Respiratory effects of cannabis

Cannabis smoke contains a similar range of harmful chemicals to that of tobacco smoke (including bronchial irritants, tumour promoters and carcinogens).1 As inhaled smoke comes into contact with airway mucosa and the distal lung before being absorbed into the circulation, it is likely to effect the respiratory system.2 Concerns regarding the respiratory effects of inhaling cannabis smoke are heightened by knowledge regarding the harm caused by tobacco smoke and the different way in which cannabis is smoked. That is, when smoking cannabis compared to tobacco, there is a prolonged and deeper inhalation and it is smoked to a shorter butt length and at a higher combustion temperature. This results in an approximate five-fold increase in carboxyhaemoglobin concentration, three-fold greater amount of tar inhaled and retention of one third more tar in the respiratory tract.3-5

Several reviews on the respiratory effects of smoking cannabis have been published in the last decade.6-12 The most recent and systematic review concluded that long-term cannabis smoking is associated with an increased risk of respiratory complications, including an increase in cough, sputum production, airway inflammation, and wheeze even at a young age and persisting after adjusting for tobacco smoking.12 However, no consistent association was found between long-term cannabis smoking and measures of airway response (including Forced Expired Volume ratios, carbon monoxide diffusing capacity, and airway hyper-reactivity). Unfortunately, this review also cited methodological complications in many of the 34 reviewed articles, including not controlling for tobacco use, other substance use, or occupational and environmental exposures that may affect lung health.12

Large prevalence studies have identified that respiratory effects most commonly manifest as coughing on most days, wheezing apart from colds, exercise-induced shortness of breath, nocturnal wakening with chest tightness, and early morning sputum production.13,14 A small body of research attempted to compare the effects of cannabis and tobacco smoke by dose. Despite the resulting equally harmful effects, a much smaller daily amount of cannabis was smoked compared to tobacco (one joint approximated 2.5 5 cigarettes).3 Further, the harmful effects of smoking cannabis and tobacco appear to be additive.

The associations between smoking cannabis and lung cancer have also been reviewed in the last decade.10,15A recent review of 19 studies highlighted support for an association between cannabis smoking and premalignant lung cancer, however, the few small observational studies available fail to demonstrate the association.10 The review suggested that this is likely due to methodological considerations and highlighted a need for more research. A separate review of literature specific to bullous lung disease and pneumothorax cited four clinical reports, one epidemiological sample, four reports of operated cases from surgical hospitals, and a prospective histopathological study.16 This review concluded that bullous lung disease is associated with smoking cannabis although no causal link was established.16 Since this review, further studies have added to the evidence of an association, however the need for further study on the respiratory effects of smoking cannabis with a non-tobacco smoking group remains.17-19 Further, the cohort of regular cannabis users is still relatively young compared to the age group where respiratory cancers are most prevalent.

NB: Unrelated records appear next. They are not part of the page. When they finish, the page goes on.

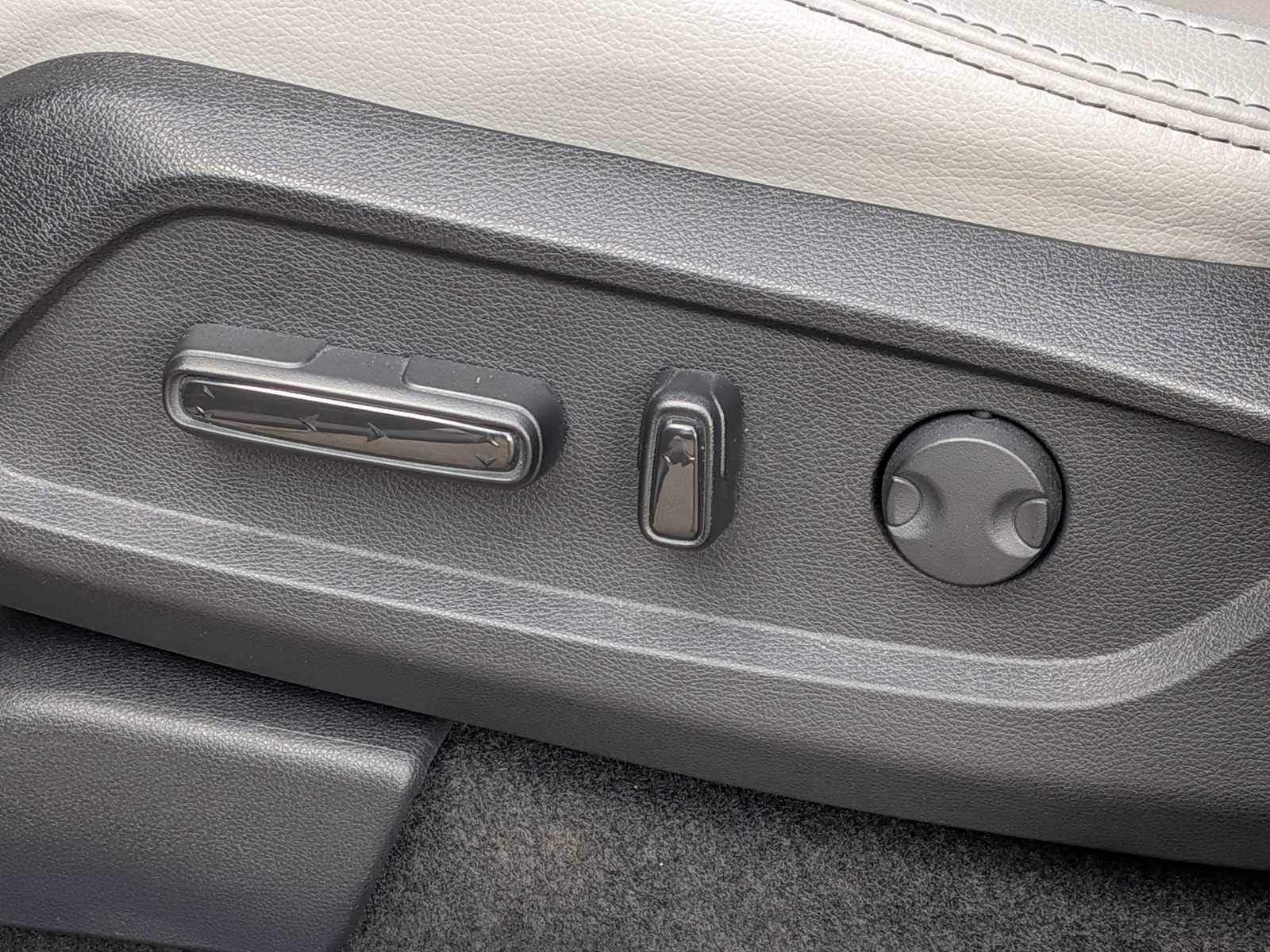 Thumbnail: 2024 Honda Pilot - 16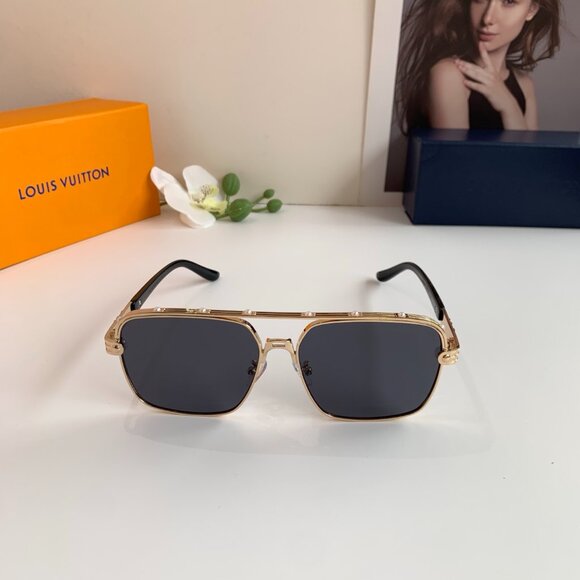 Louis Vuitton Black Wraparound Sunglasses for a Sporty Edge - Picture 4 of 9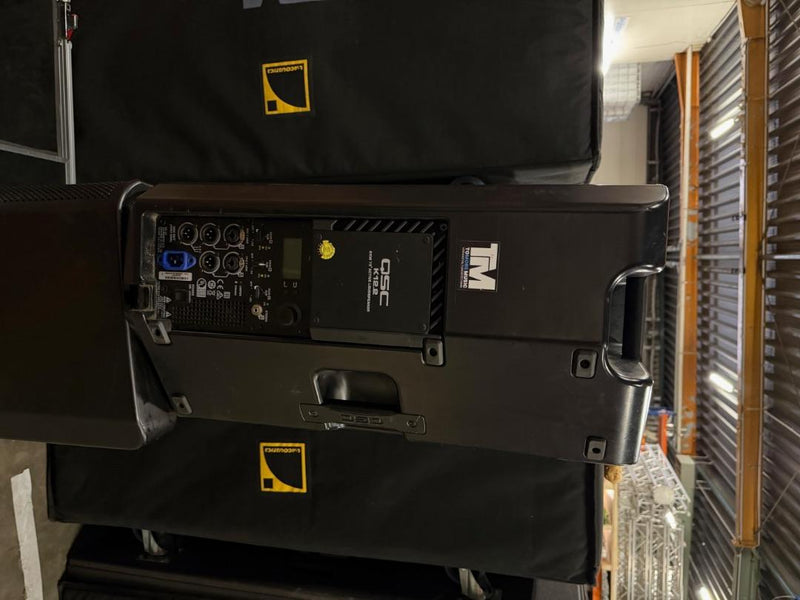 QSC K12.2 Active Loudspeaker with Case – 2000 W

Respiratory effects and route of delivery

Naturally, research on respiratory effects of cannabis does not apply where cannabis is not smoked. Currently there are several alternative methods of administration available including devices with filters, vaporisers, and oral, sublingual, rectal and transdermal ingestion. Smoking devices that use water filters have been shown to involve equivalent amounts of tar and do not reduce risks of inhalation.20,21 Vaporisers and pyrolysis devices, which heat cannabis below combustion point were also mooted to be a safer method of administration with the ratio of tar to cannabinoids when compared to cigarettes claimed to be reduced from 13:1 to 10:1.22 However, these devices were since shown to release toxic amounts of ammonia (50-170 p.p.m.).21 Eating cannabis is perhaps a more obvious means to reduce the respiratory effects when using the drug. However, oral administration has a slower onset of effects (30 60 minutes compared to seconds, peaking at approximately 2 3 hours after ingestion compared to 30 minutes after inhalation) and the effects last longer than some users prefer. Although the subjective effects are similar to smoked cannabis, they are perhaps less pronounced and the delayed onset makes it more difficult to titrate dose, increasing the risk of over dosage.22-30 Additionally, there is no great consistency in reported subjective effects between different individuals taking the same dose and between the same individual taking the same dose on different occasions (see Grotenhermen, 2001 for a review). Alternative forms of cannabis delivery, including sublingual, rectal and transdermal delivery have not been appropriately investigated.22

Conclusion

Inhaling cannabis smoke in the long-term is likely to result in damage to the respiratory tract. The evidence base for this damage includes self report as well as scientific testing of lung capacity and biopsy of mucosa. This damage has been shown to be present even in the absence of tobacco smoke, while harms appear to be additive for individuals who smoke tobacco and cannabis. Further, cannabis smoke is carcinogenic although epidemiological research exploring the association between respiratory cancers and cannabis use is limited. The evidence is strongest for cannabis use being associated with an increase in cough, sputum production, airway inflammation, and wheeze.